Further optimizations include quantization, scaling models down to run on mid-range microcontrollers like those based on Arm Cortex-M4 cores, and pre-training them to support input resolutions that are appropriate for embedded vision sensors.
“This results in seriously tiny models, for example, a YOLOv3 object detection model that uses 500 kB RAM and 1.2 MB ROM,” he said.
Models can be deployed via Edge Impulse’s EON compiler or using the silicon vendor’s toolchain. Edge Impulse’s EON Tuner hyperparameter optimization system can help users choose the optimum combination of model and hyperparameters for the user’s data set and target device.
Nvidia Omniverse Replicator integration with Edge Impulse allows users to generate synthetic data to address any gaps in their datasets. (Source: Nvidia)

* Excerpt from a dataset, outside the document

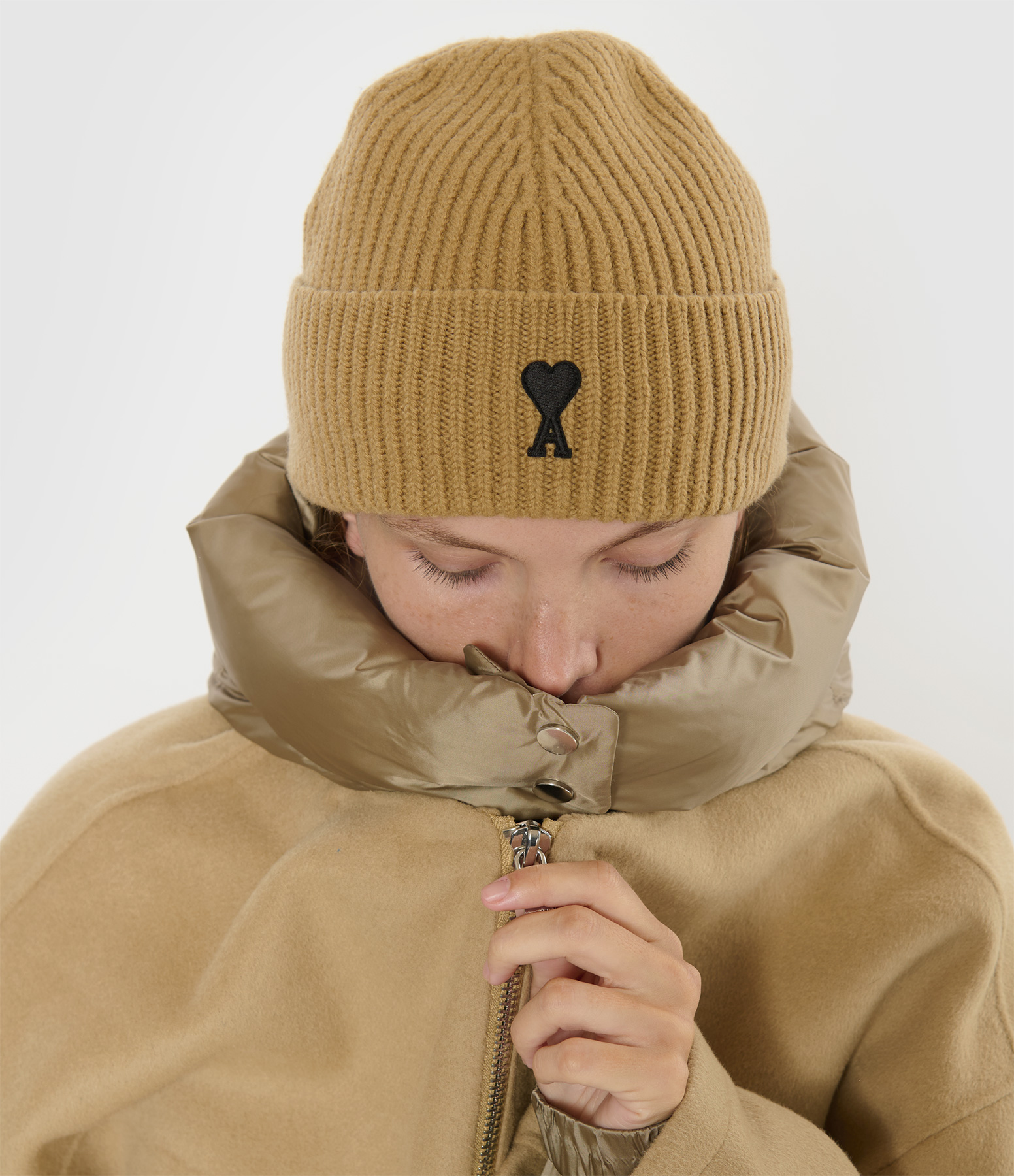 Black Camel ‘Ami de Cœur’ Beanie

Edge Impulse has also been working with Nvidia on integration with Omniverse Replicator, Nvidia’s tool for synthetic data generation. Edge Impulse users can now use Omniverse Replicator to generate synthetic image data based on their existing data for training—perhaps to address certain gaps in the dataset to ensure accurate and versatile trained models.
Edge Impulse’s integration with Nvidia Tao is currently available for hardware targets including NXP, STMicro, Alif and Renesas, with Nordic devices next in line for onboarding, the company said.